There appears to be no prejudice to the defendant by proceeding with the trial on the contempt/harassment matters after the attempted murder trial.
Weighing the prejudices to the respective parties, it is clear that there is very little prejudice to the State in granting this motion to delay these three contempt/harassment trials and much prejudice to the defendant and the interest of Justice if it is denied given the facts of this case as those facts exist today. Therefore, the motion to delay the trial in these three 1 matters will be granted, subject, however, to the right of the prosecutor to move to schedule the contempt/harassment trial prior to the attempted murder trial if the circumstances change and if there is a shifting of prejudice that would cause the court to reach a different Conclusion after balancing of prejudices to the State, victim, and defendant.

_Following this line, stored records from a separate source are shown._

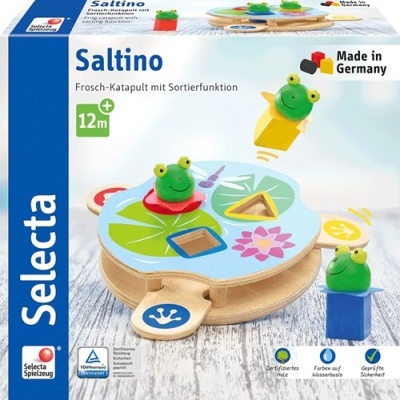 Saltino - Catapulta de Sapos em Madeira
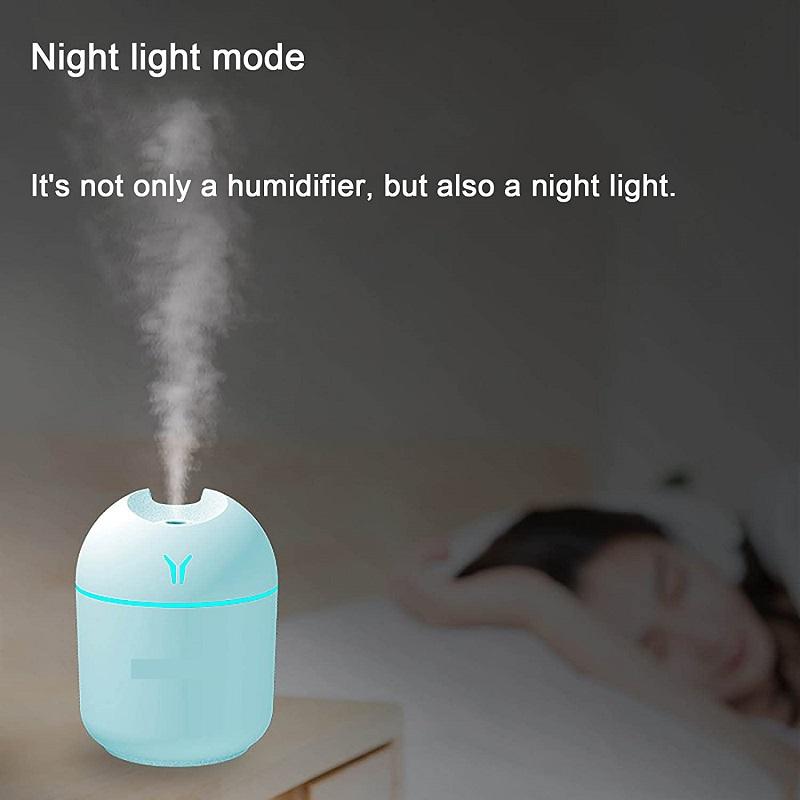 250 мл Мини-увлажнитель воздуха USB Арома эфирное масло Диффузор для дома и автомобиля Ультразвуковой туманообразователь со светодиодной цветной ночной лампой Диффузор
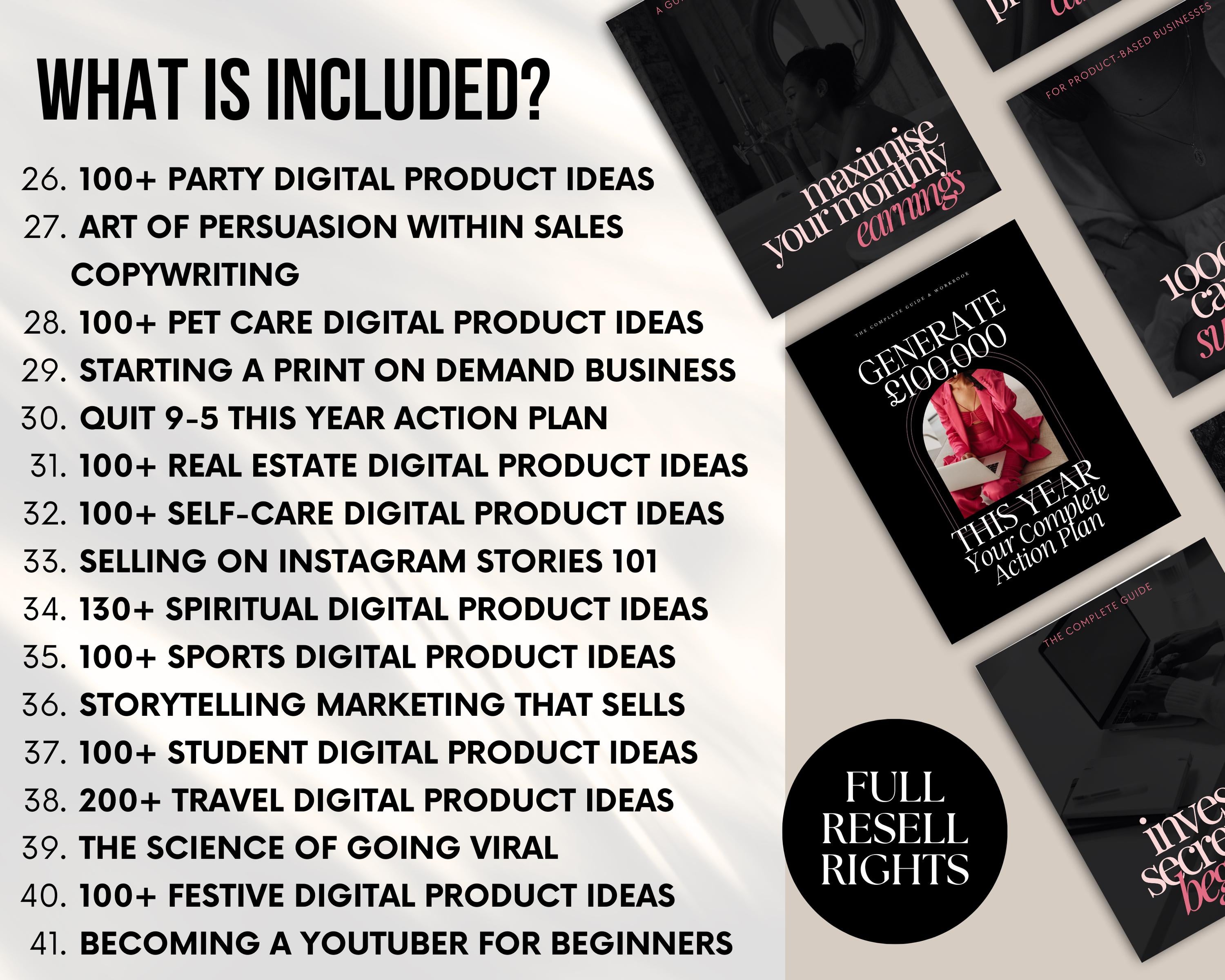 PLR/MRR Huge 50+ Business Ebooks Bundle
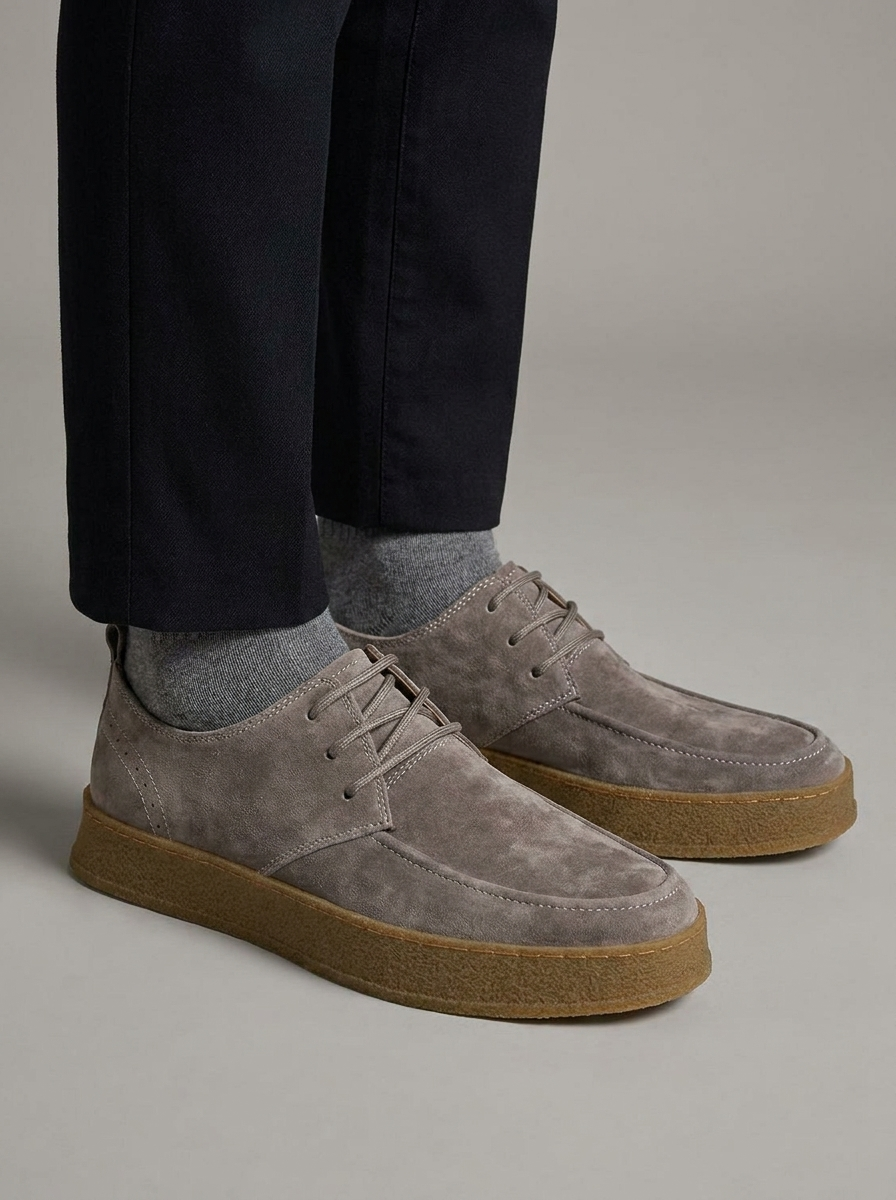 Zapatos Con Cordones Para Hombre | Ante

The court wishes to make clear that in the event that there are future acts of contempt by defendant Nelson against Ms. Booker, that this decision has no effect whatsoever with respect to whether those contempt matters will proceed to trial before the attempted murder trial. The facts of these three contempt/harassment cases are unusual because the essence of these three complaints are letters, which letters themselves are likely to be used as substantive evidence in the attempted murder trial. Future acts of domestic violence, if any, not dealing with evidence that would be used at the attempted murder trial present absolutely no impediment to prompt trial.